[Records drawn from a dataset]
________________

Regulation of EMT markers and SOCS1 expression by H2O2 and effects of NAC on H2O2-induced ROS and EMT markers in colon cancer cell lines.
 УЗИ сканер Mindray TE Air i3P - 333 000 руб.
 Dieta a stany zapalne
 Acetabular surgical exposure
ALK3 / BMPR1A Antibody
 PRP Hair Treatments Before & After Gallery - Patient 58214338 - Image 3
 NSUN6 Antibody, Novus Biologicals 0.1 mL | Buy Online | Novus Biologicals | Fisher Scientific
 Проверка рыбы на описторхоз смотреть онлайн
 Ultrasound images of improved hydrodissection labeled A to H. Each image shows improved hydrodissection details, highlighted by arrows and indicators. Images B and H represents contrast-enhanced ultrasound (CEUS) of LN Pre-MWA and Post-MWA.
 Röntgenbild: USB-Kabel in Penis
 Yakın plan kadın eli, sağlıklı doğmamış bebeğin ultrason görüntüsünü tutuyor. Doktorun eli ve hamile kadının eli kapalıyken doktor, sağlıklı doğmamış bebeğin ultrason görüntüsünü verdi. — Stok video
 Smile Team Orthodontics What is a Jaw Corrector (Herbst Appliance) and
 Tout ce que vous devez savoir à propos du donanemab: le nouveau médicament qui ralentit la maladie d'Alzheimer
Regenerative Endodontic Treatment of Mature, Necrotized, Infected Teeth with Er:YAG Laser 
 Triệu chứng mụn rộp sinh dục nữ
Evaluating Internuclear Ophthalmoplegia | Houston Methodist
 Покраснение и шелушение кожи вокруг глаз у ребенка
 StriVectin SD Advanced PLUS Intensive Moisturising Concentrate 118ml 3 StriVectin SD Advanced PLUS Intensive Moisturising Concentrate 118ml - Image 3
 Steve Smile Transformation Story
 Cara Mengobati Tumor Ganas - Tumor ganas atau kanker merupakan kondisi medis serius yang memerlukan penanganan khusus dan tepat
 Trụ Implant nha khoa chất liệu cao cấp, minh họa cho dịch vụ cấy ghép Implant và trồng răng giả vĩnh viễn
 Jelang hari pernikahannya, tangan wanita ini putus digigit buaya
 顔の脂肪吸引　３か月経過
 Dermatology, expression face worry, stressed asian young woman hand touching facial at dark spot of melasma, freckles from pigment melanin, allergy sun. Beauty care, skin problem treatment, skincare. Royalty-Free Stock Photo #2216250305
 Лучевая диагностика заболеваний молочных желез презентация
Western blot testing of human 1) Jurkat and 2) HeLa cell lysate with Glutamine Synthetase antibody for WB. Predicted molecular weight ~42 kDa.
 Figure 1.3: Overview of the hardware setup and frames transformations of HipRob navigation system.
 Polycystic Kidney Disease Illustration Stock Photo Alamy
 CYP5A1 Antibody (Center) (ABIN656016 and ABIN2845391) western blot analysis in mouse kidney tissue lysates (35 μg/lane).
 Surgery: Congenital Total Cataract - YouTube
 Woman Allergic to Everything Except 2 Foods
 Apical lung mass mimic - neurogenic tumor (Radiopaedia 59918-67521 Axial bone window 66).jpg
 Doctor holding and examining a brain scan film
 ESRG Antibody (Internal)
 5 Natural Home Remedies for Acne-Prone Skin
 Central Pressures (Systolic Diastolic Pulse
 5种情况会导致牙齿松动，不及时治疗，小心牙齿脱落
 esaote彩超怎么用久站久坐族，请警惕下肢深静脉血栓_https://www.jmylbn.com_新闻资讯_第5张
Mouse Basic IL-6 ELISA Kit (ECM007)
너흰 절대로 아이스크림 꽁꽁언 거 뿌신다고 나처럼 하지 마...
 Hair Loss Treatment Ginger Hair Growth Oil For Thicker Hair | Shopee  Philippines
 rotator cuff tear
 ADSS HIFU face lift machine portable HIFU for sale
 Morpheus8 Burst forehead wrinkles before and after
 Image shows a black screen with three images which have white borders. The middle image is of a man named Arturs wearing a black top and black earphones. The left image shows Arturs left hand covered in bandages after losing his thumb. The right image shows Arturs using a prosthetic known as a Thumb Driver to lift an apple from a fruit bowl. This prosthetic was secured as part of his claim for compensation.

________________

# WORK ORDER
Your answer must be the lines from the first line of the records through the line containing "Röntgenbild: USB-Kabel in Penis", copied exactly.

# ANSWER BELOW
Regulation of EMT markers and SOCS1 expression by H2O2 and effects of NAC on H2O2-induced ROS and EMT markers in colon cancer cell lines.
 УЗИ сканер Mindray TE Air i3P - 333 000 руб.
 Dieta a stany zapalne
 Acetabular surgical exposure
ALK3 / BMPR1A Antibody
 PRP Hair Treatments Before & After Gallery - Patient 58214338 - Image 3
 NSUN6 Antibody, Novus Biologicals 0.1 mL | Buy Online | Novus Biologicals | Fisher Scientific
 Проверка рыбы на описторхоз смотреть онлайн
 Ultrasound images of improved hydrodissection labeled A to H. Each image shows improved hydrodissection details, highlighted by arrows and indicators. Images B and H represents contrast-enhanced ultrasound (CEUS) of LN Pre-MWA and Post-MWA.
 Röntgenbild: USB-Kabel in Penis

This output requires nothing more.